- EXERCISE:
In this exercise, print only the lines of the records below from the one with "Hey, I just" through the one with "That is the", inclusive. Pictures are not part of the copy.

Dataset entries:

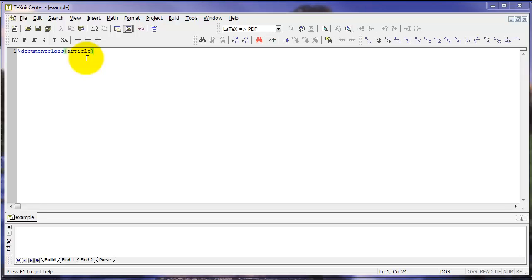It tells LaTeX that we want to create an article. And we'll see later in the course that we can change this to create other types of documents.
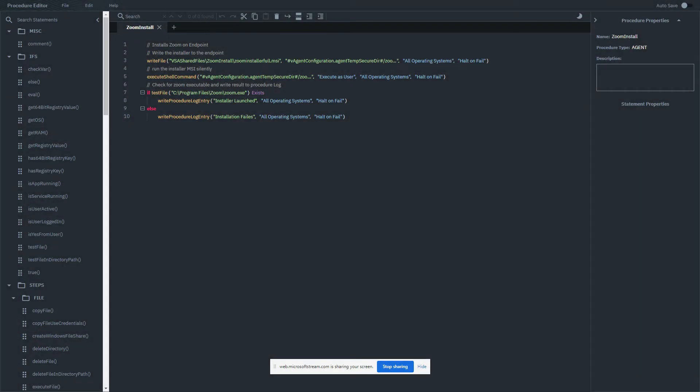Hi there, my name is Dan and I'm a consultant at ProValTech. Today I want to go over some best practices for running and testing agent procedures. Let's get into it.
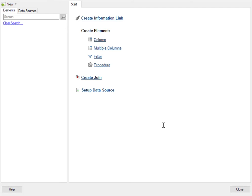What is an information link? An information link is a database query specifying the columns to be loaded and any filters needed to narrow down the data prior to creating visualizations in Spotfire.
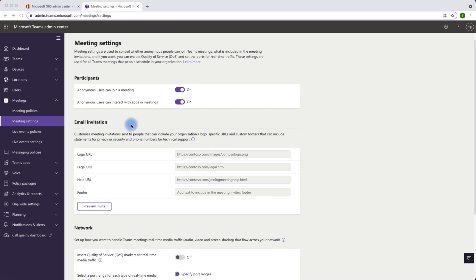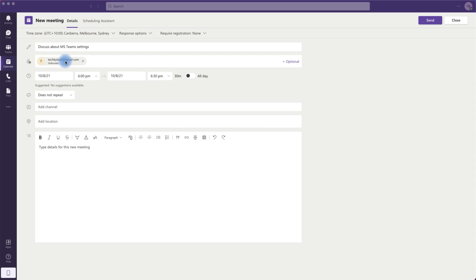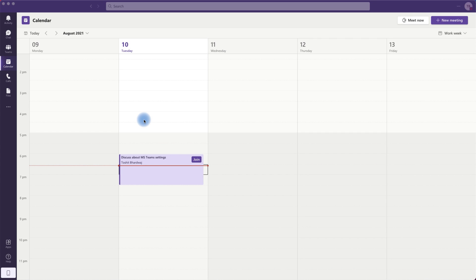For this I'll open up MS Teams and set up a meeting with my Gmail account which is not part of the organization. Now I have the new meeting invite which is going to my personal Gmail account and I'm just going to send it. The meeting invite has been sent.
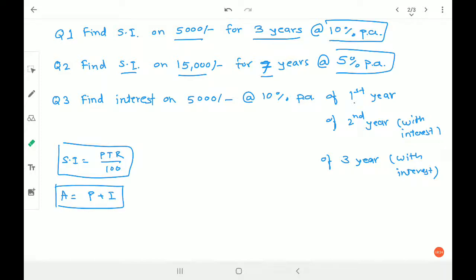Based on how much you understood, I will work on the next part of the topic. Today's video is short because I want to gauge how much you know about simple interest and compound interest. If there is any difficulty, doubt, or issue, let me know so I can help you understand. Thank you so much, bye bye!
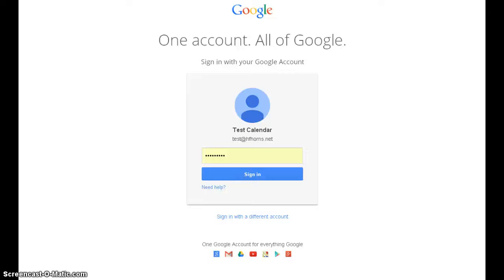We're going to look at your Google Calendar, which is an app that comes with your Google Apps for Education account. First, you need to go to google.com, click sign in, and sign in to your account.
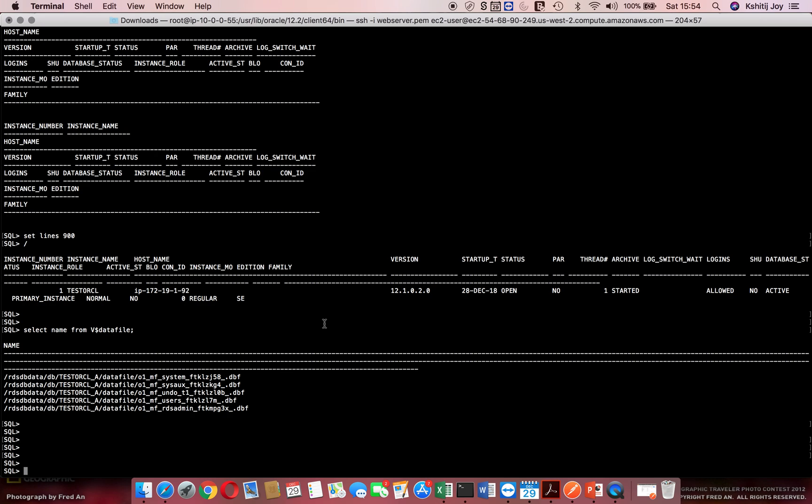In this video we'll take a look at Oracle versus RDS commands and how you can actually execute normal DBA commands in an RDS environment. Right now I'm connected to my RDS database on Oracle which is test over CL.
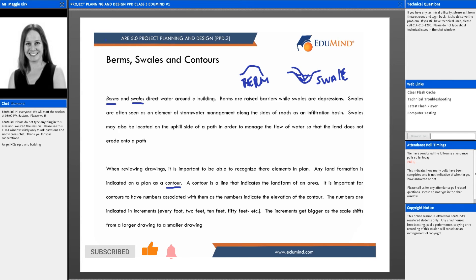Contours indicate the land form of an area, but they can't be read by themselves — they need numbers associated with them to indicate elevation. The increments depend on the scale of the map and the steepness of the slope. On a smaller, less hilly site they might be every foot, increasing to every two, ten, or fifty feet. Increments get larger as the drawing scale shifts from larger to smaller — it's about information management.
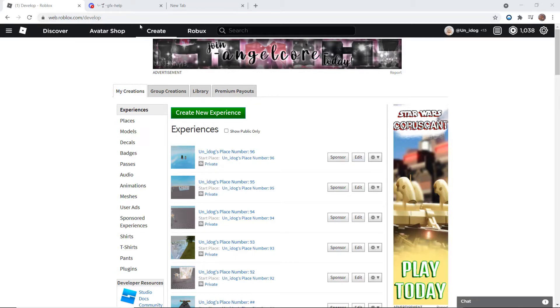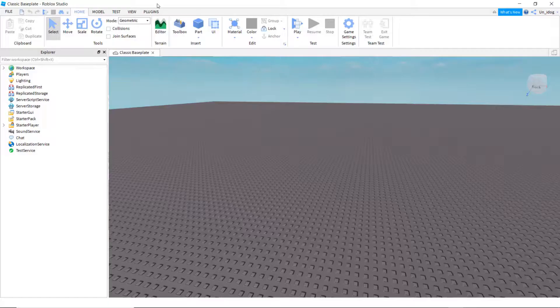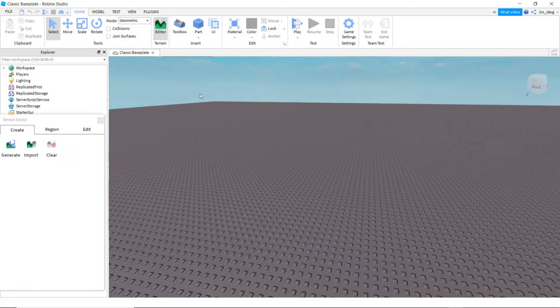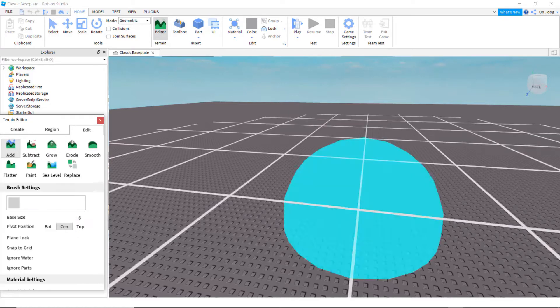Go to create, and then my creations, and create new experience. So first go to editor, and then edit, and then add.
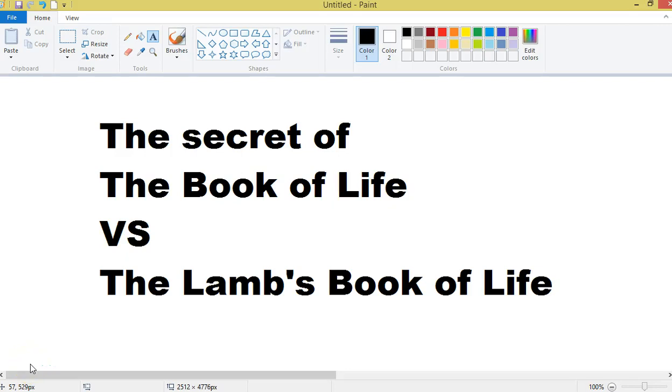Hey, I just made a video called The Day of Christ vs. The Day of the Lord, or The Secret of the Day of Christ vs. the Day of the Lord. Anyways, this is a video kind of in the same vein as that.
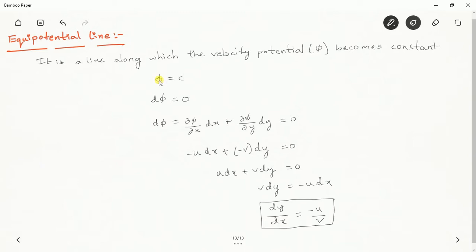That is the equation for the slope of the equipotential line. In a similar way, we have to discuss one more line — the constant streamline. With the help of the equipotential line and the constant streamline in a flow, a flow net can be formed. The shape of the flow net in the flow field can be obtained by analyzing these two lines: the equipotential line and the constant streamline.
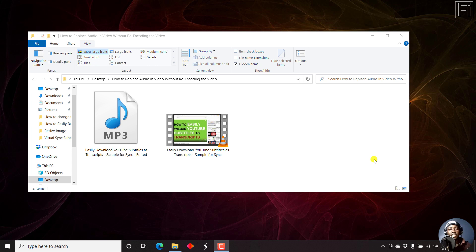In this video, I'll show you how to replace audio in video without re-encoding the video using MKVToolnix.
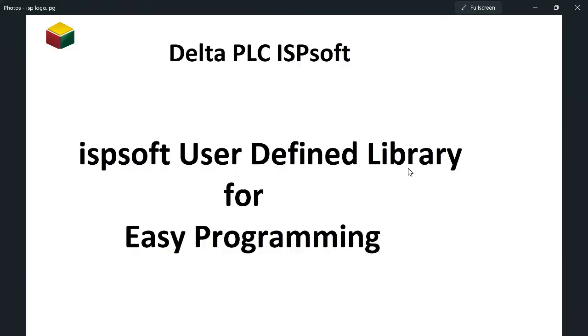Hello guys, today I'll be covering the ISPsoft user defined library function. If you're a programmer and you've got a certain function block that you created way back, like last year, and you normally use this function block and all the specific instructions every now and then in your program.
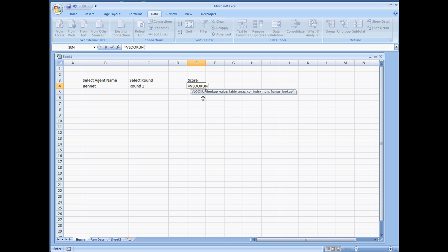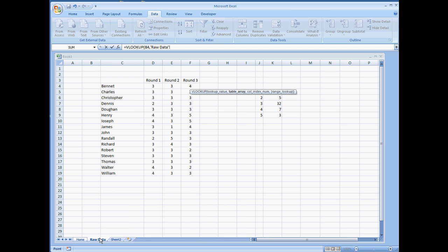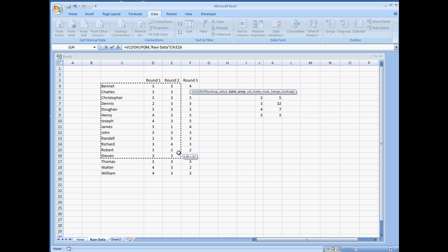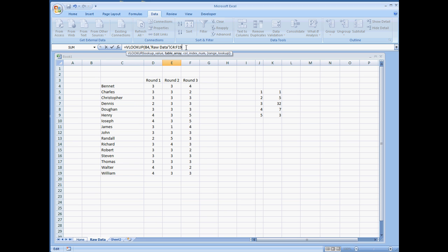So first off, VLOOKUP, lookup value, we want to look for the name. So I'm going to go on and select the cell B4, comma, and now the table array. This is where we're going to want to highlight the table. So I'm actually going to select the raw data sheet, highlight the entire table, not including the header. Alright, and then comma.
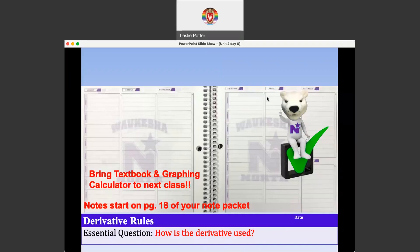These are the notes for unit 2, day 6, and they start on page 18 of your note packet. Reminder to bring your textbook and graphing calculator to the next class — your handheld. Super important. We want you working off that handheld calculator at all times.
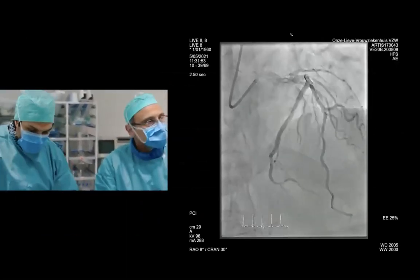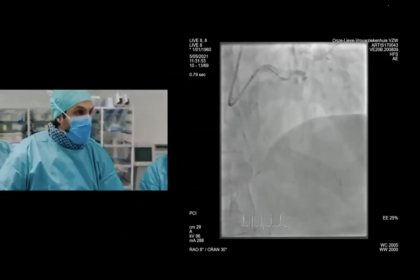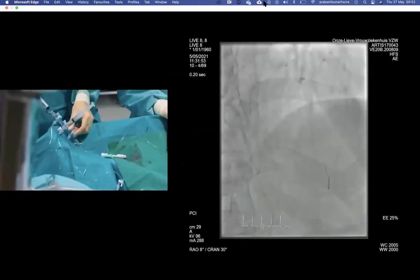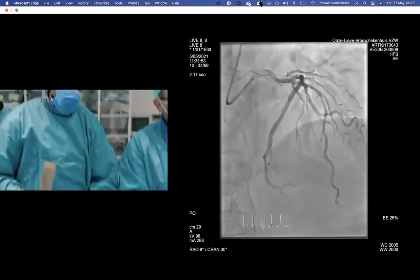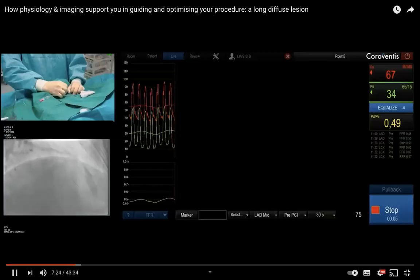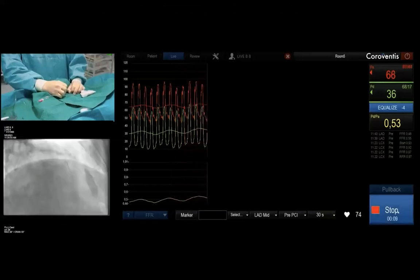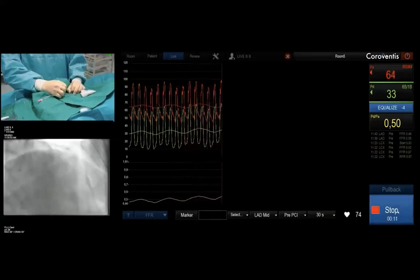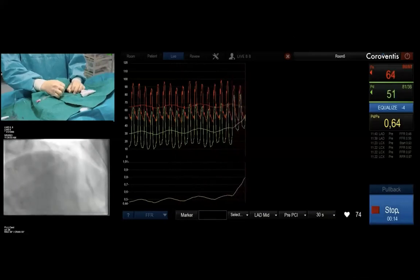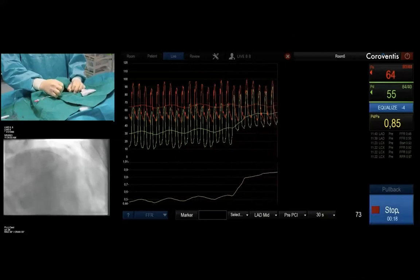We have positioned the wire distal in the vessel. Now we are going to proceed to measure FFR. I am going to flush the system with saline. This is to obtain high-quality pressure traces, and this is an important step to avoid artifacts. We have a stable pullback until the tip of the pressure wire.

- COMPLETED TASK:
Hey, I just made a video called The Day of Christ vs. The Day of the Lord, or The Secret of the Day of Christ vs. the Day of the Lord. Anyways, this is a video kind of in the same vein as that.
That is the equation for the slope of the equipotential line. In a similar way, we have to discuss one more line — the constant streamline. With the help of the equipotential line and the constant streamline in a flow, a flow net can be formed. The shape of the flow net in the flow field can be obtained by analyzing these two lines: the equipotential line and the constant streamline.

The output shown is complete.